- IPC code: MOZ
- NPC: Paralympic Committee Mozambique

in Rio de Janeiro
- Competitors: 1 in 1 sports
- Flag bearer: Edmilsa Governo
- Medals Ranked 76th: Gold 0 Silver 0 Bronze 1 Total 1

Summer Paralympics appearances (overview)
- 2012; 2016; 2020; 2024;

= Mozambique at the 2016 Summer Paralympics =

Mozambique sent a delegation to compete at the 2016 Summer Paralympics in Rio de Janeiro, Brazil, from 7 to 18 September 2016. This was the country's second time competing at a Summer Paralympic Games after making its debut at the 2012 Summer Paralympics. Mozambique was represented by one athlete, Edmilisa Governo, a short-distance sprinter. She competed in two events, the women's 100 metres T12 competition and the women's 400 metres T12. Governo reached the semi-finals of the women's 100 metres T12 and took Mozambique's first Paralympic Games medal in the women's 400 metres T12 by placing third in the final of the competition.

==Background==
Mozambique made its second Paralympic Games appearance in Rio de Janeiro, with their Paralympic debut occurring four years prior at the 2012 Summer Paralympics in London. In contrast, Mozambique has been competing at the Olympic Games since the 1980 Summer Olympics. The 2016 Summer Paralympics were held from 7–18 September 2016 with a total of 4,328 athletes representing 159 National Paralympic Committees taking part. Mozambique sent one athlete to the Rio Paralympics, in athletics, Edmilsa Governo, a short-distance sprinter. She travelled with her coach Narciso Faquir to Rio de Janeiro on 1 September. Governo was chosen as the flag bearer during the parade of nations for the opening ceremony.

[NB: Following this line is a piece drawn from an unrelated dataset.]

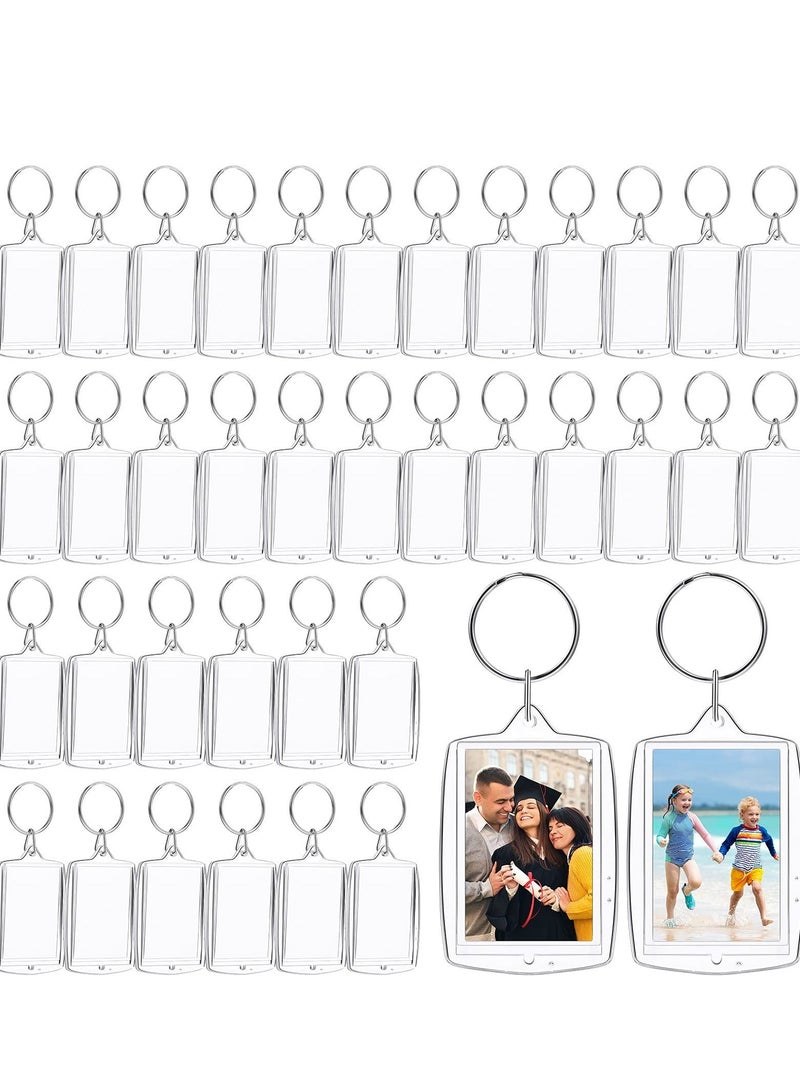 150 Pieces Photo Insert Keychain Clear Acrylic Picture Keychains Picture Frame Key Chain 2.2 x 1.6 Inch Rectangle Blank Photo Keychains for Holiday Photo Diaplay Supplies - Image 1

==Disability classifications==

Every participant at the Paralympics has their disability grouped into one of five disability categories; amputation, the condition may be congenital or sustained through injury or illness; cerebral palsy; wheelchair athletes, there is often overlap between this and other categories; visual impairment, including blindness; Les autres, any physical disability that does not fall strictly under one of the other categories, for example dwarfism or multiple sclerosis. Each Paralympic sport then has its own classifications, dependent upon the specific physical demands of competition. Events are given a code, made of numbers and letters, describing the type of event and classification of the athletes competing. Some sports, such as athletics, divide athletes by both the category and severity of their disabilities, other sports, for example swimming, group competitors from different categories together, the only separation being based on the severity of the disability.

==Medallists==
Mozambique finished tied for twelfth among African countries for total gold medals and seventy-sixth overall, winning one bronze. Cape Verde also won a single bronze medal.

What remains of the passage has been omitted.